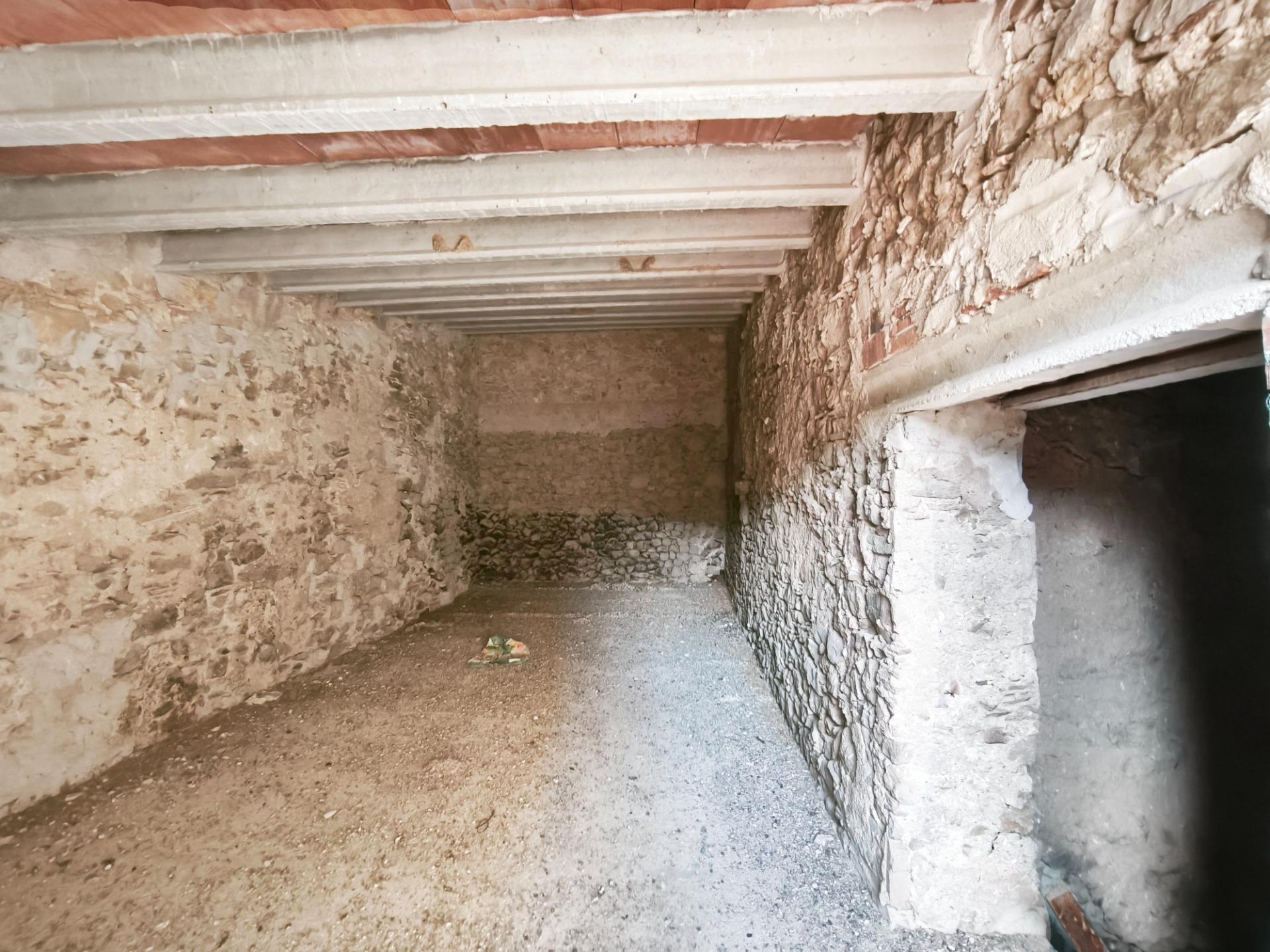 Casas o chalets-Venta-Terrades-1893781-Foto-18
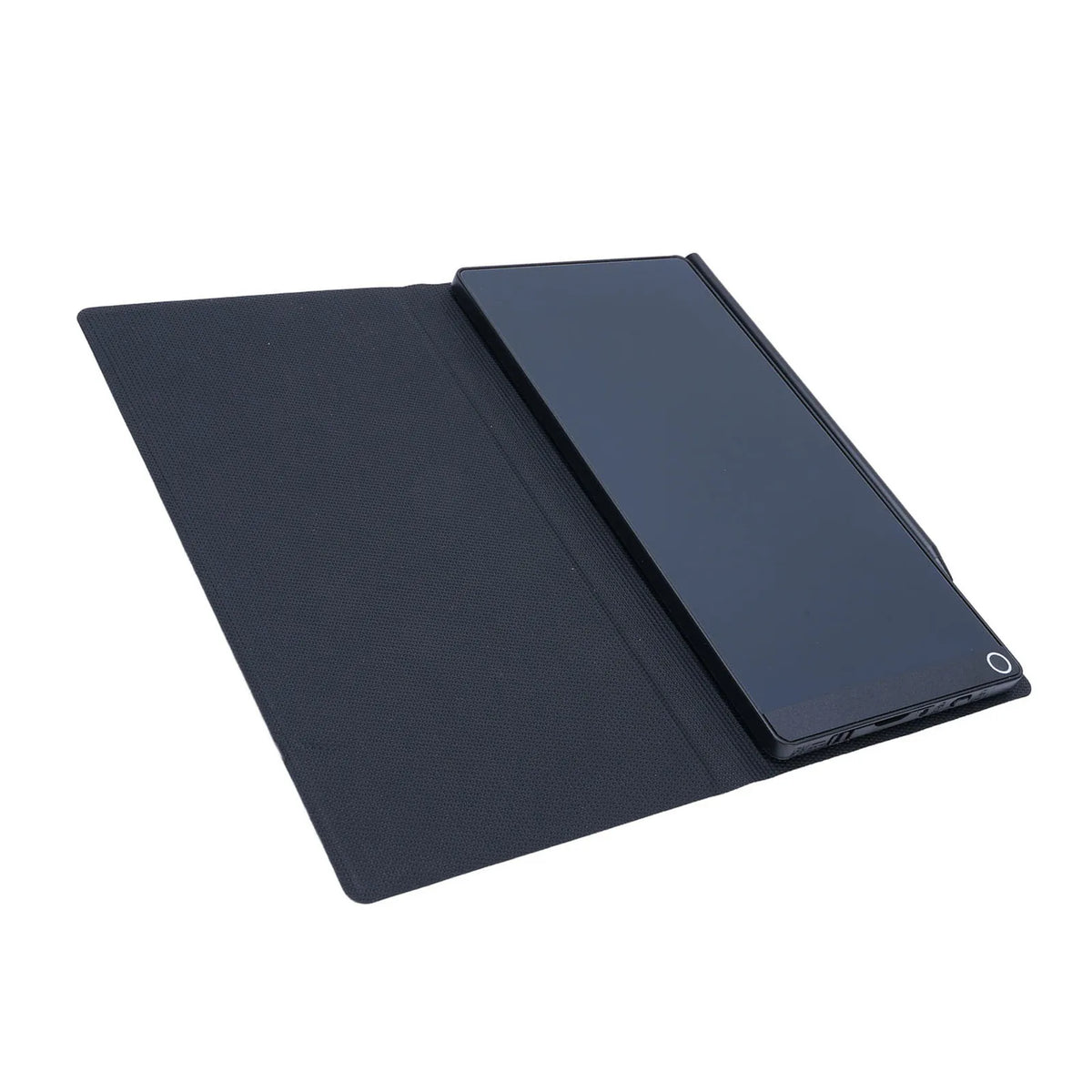 Tablet for Everyday Portable Productivity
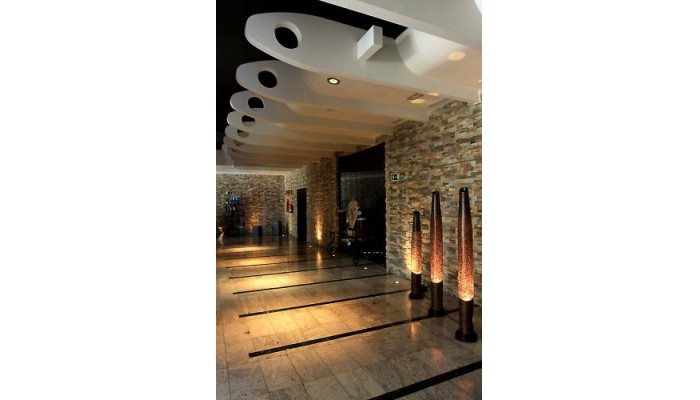 Hotel Paradise Valle Taurito poza 9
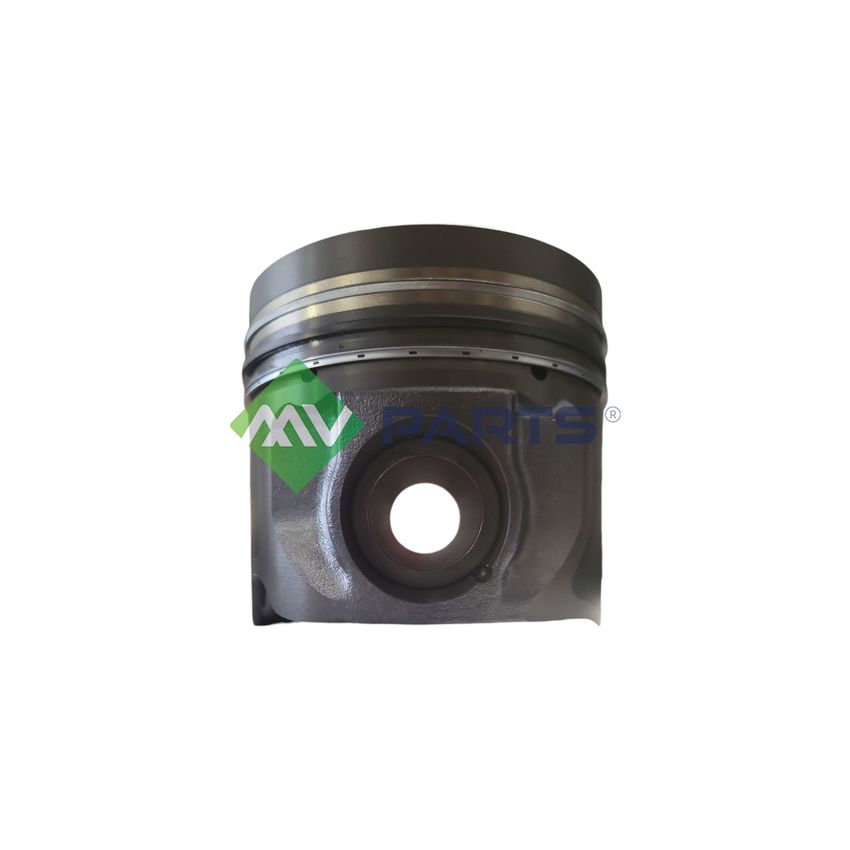 TŁOK MV PARTS P7797S STD FORD 2.4D 04-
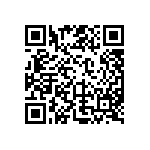 RG1005N-5490-C-T10 QRCode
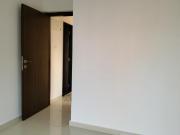 1 BHK Apartment in Jogeshwari East for resale Mumbai....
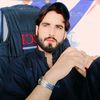 shakeel.khan407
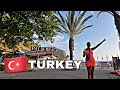 Turcja Alanya 2019 Turkey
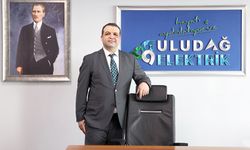 Sanayi ve iş yerlerine indirimli elektrik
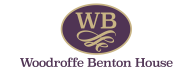 Woodroffe Benton House logo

**What to do:** Each line of the data above must be repeated exactly, images excluded.

**Response to this exercise:**
 Casas o chalets-Venta-Terrades-1893781-Foto-18
 Tablet for Everyday Portable Productivity
 Hotel Paradise Valle Taurito poza 9
 TŁOK MV PARTS P7797S STD FORD 2.4D 04-
 RG1005N-5490-C-T10 QRCode
 1 BHK Apartment in Jogeshwari East for resale Mumbai....
 shakeel.khan407
 Turcja Alanya 2019 Turkey
 Sanayi ve iş yerlerine indirimli elektrik
 Woodroffe Benton House logo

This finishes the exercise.